(SOURCE MATERIAL Opens)

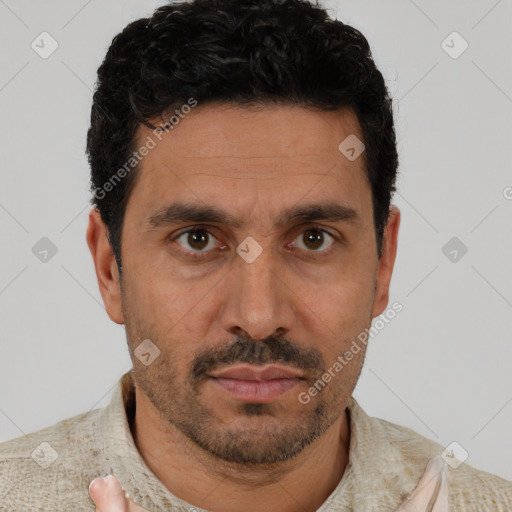 Neutral white young-adult male with short  black hair and brown eyes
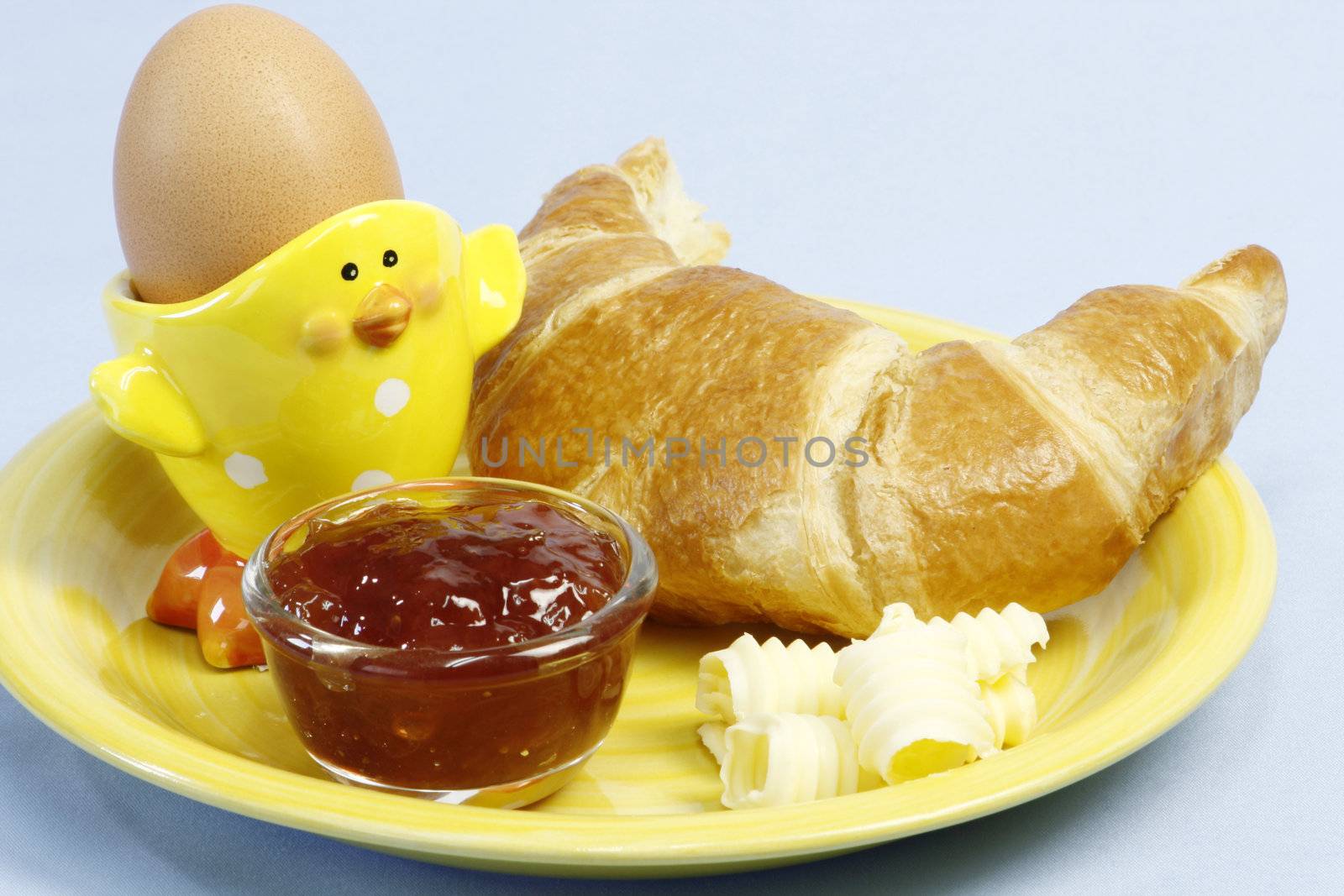 Croissant with butter and egg over light blue background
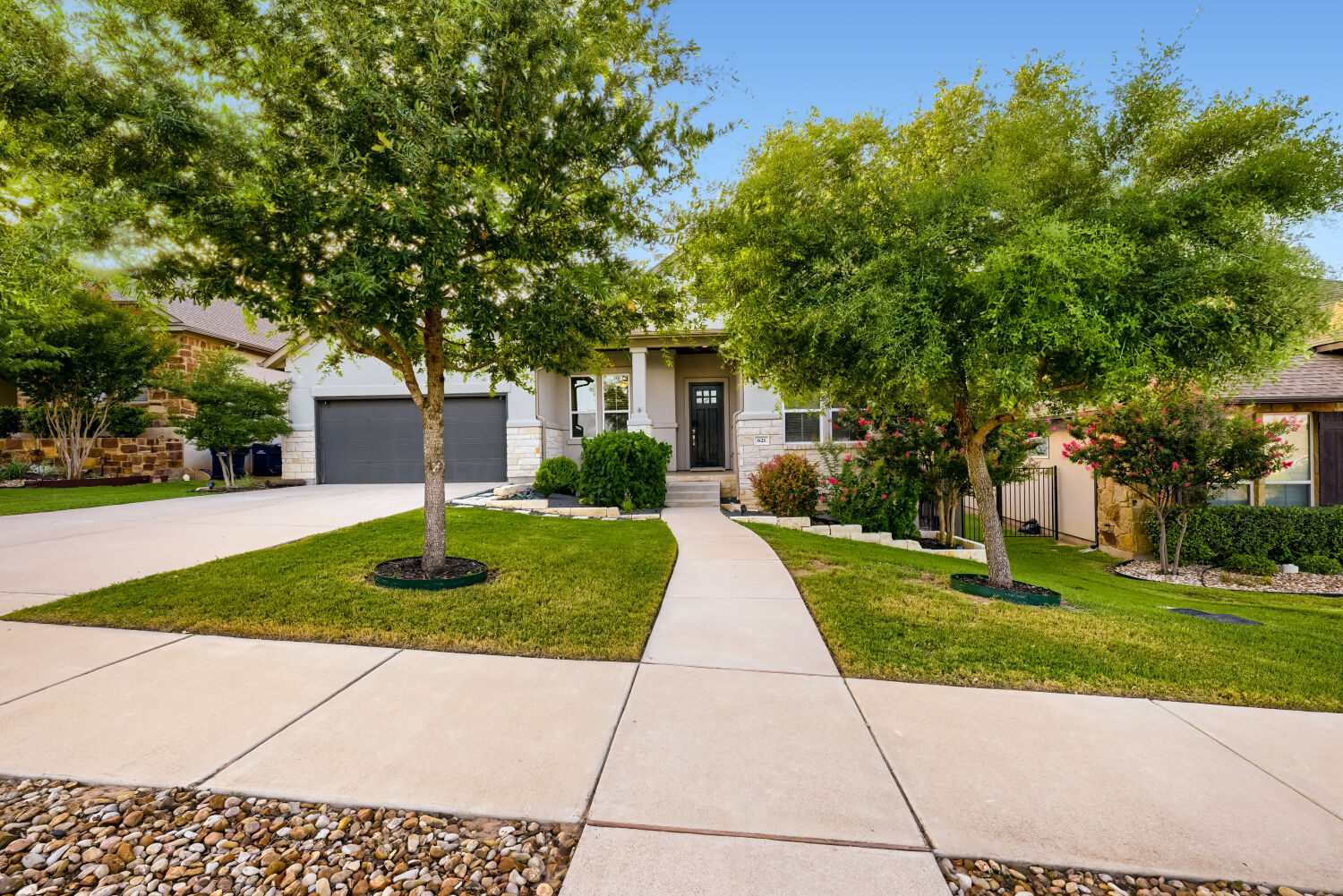 621 Rancho Sienna Loop Georgetown, TX 78628 - Photo 1 of 28 A graceful sidewalk guides the eye to this appealing home with a well-maintained lawn and mature trees.
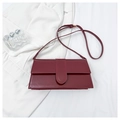 Deep red glossy leather flap bag shown on a minimalist white fabric and glass setup - Red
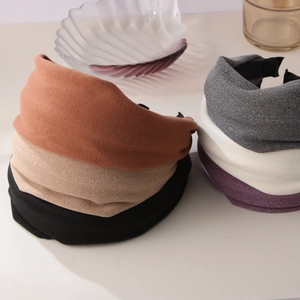 Solid color wide fabric headbands in neutral tones with twist design for women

(SOURCE MATERIAL Closes)

=== TASK DETAILS ===
Return all the material exactly, pictures excluded.

=== OUTPUT ===
 Neutral white young-adult male with short  black hair and brown eyes
 Croissant with butter and egg over light blue background
 621 Rancho Sienna Loop Georgetown, TX 78628 - Photo 1 of 28 A graceful sidewalk guides the eye to this appealing home with a well-maintained lawn and mature trees.
 Deep red glossy leather flap bag shown on a minimalist white fabric and glass setup - Red
 Solid color wide fabric headbands in neutral tones with twist design for women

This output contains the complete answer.